The number pad is rather squeezed by the other keys, and has clearly been sacrificed in order to provide as much space as possible for the screen. This measures 61mm across the diagonal, and offers a standard 240x320-pixel resolution. We will discuss the side-mounted keys below, when we cover the features they control.
The HTC S730 comes with an AC adapter, a USB cable, a headset, a user manual and an ActiveSync CD.
The HTC S730 runs Windows Mobile 6.0 Standard, which is designed for voice-centric devices without touch-screens. It's a quad-band GSM device with GPRS/EDGE and 3G/HSDPA connectivity. This S730 has a front-facing camera for making video calls as well as a rear-mounted 2-megapixel unit for shooting stills and video. The latter has a small self-portrait mirror, but no flash. A control button on the right-hand side of the device activates the camera software.
Both Wi-Fi (802.11b/g) and Bluetooth 2.0 are built in, with a button on the left side of the device, just below a volume rocker, giving access to the Windows Mobile Comm Manager. This allows you to independently control Bluetooth and Wi-Fi, turn the cellular radio on and off, and also switch into 'airplane mode' where all communications are turned off.
The processor is a Qualcomm MSM7200 running at 400MHz, while the memory complement is 64MB of RAM and 256MB of ROM. After a hard reset, our review sample reported 124MB of free storage memory. You can add to this using microSD cards -- the slot is on the right-hand side, protected by a rubber cover.
HTC includes its HTC Home screen, which is a replacement for the Windows Mobile Today screen. If you've seen TouchFLO on any of HTC's Touch devices (Touch, Touch Dual, Touch Cruise) this home screen will immediately be familiar.
Like the Windows Mobile Today screen it replaces, the HTC Home screen can show you upcoming appointments, missed calls, unread emails and missed voice messages. Its core, though, is a three-way display offering a choice of information in the top part of the screen. You move through each of these using the navigation key.
One option is to see a large display of the current time. Choose a button on-screen when this is showing and you can quickly set an alarm. The second option is to see a display of the current weather and a four-day forecast for your chosen location. The information for this is downloaded over the air and gives you maximum and minimum temperatures and an idea of the general weather conditions via an icon -- white cloud with some sun, grey cloud with some rain and so on. The third option gives you quick access to eight speed-dial numbers.
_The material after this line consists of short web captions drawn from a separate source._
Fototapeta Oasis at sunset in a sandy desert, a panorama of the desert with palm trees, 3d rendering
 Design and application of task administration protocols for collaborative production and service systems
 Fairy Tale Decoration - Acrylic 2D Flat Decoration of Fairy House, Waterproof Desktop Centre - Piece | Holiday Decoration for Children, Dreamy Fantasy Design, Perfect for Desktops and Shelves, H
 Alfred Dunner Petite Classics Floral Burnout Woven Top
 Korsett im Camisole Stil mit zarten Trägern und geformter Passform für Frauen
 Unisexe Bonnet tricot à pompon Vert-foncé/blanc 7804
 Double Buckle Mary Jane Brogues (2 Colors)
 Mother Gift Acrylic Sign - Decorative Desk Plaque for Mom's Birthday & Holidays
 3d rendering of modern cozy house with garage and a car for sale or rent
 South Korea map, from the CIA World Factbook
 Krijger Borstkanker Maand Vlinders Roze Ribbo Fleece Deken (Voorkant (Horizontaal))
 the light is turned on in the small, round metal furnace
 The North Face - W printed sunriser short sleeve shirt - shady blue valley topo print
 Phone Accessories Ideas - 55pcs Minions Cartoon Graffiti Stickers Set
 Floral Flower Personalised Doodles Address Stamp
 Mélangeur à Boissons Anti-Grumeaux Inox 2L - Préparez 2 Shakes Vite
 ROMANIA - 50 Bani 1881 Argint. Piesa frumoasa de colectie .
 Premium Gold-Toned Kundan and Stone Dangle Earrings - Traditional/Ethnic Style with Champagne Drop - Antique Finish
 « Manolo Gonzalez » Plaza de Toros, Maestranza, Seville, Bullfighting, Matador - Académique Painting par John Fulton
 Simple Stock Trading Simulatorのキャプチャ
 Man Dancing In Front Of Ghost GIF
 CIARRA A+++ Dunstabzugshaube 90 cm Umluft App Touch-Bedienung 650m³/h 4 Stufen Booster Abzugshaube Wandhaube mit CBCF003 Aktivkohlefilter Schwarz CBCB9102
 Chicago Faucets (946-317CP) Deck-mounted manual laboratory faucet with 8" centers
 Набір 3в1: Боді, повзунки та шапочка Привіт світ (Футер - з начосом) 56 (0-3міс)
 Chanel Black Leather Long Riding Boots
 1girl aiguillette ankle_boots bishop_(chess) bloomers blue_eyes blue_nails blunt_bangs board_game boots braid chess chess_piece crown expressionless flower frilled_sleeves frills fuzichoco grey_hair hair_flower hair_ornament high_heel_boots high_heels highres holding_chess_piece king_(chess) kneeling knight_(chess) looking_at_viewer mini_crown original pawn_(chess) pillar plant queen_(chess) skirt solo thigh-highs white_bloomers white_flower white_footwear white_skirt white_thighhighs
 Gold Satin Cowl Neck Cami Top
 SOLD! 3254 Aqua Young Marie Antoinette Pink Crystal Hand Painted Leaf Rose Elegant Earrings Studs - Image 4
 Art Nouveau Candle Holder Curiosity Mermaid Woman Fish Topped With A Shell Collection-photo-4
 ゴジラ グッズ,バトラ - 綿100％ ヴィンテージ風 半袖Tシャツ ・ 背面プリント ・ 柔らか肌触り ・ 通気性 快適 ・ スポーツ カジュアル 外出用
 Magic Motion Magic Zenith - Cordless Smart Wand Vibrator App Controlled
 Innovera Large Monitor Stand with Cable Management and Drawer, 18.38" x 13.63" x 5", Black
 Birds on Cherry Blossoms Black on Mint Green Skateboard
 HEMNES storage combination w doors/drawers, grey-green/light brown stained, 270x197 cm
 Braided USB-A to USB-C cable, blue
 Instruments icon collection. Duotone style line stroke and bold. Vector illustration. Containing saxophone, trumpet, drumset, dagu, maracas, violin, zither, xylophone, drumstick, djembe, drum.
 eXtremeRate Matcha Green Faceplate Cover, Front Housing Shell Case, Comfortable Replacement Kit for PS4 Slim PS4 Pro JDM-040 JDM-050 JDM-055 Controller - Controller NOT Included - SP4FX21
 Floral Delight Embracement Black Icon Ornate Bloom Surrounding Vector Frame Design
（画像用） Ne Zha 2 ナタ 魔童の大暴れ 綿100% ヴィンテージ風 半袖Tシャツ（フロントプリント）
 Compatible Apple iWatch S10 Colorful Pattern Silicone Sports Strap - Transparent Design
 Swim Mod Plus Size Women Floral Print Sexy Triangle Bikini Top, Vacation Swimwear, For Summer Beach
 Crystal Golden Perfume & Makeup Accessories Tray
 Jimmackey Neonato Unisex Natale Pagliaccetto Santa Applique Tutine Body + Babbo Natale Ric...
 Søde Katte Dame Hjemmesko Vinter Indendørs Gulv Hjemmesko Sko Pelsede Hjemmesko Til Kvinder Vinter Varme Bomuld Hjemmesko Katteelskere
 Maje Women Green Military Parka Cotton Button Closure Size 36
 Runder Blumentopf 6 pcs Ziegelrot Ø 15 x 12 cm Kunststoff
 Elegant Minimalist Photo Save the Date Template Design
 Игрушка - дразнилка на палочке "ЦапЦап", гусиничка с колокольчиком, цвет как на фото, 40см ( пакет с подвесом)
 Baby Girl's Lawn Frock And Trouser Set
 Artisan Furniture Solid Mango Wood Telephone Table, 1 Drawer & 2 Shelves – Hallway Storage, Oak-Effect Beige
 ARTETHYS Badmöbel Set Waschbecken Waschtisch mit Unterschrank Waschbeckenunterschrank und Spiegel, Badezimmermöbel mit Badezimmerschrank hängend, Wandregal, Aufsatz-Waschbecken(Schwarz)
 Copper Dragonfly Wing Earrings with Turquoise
HTC has also boosted the Windows Mobile 6.0 Standard software with a number of extra applications. These include Adobe Reader LE for PDF reading, an RSS reader, a media player that acts as an alternative to Windows Media Player, and a graphic equaliser. The inclusion of the media management applications is somewhat let down by the fact that the bundled stereo headset is only of average quality and connects to the device via the same mini-USB port that charges it. This makes it difficult substitute a better-quality headset.
The HTC S730 performed reliably during the testing period. The somewhat cramped number pad isn't that easy to get on with, though, and the keyboard, while handy for typing emails, SMS messages and notes, also needs careful use in order to minimise typing errors.
Battery life is disappointing. From a full charge we got 5 hours 55 minutes of continuous music played from a microSD card with the screen forced to stay on. This is well over half an hour less than we achieved with the HTC S710.
The S730 is an update to the S710, but there's little significant improvement apart from the addition of 3G/HSDPA connectivity. For example, the main camera remains at 2 megapixels, which is somewhat entry-level by today's standards. The newer device even takes a backward step: it's a little heavier; some users may find the button layout less convenient; and the battery life is lower. Whether you go for the S730 will depend largely on how much you need 3G.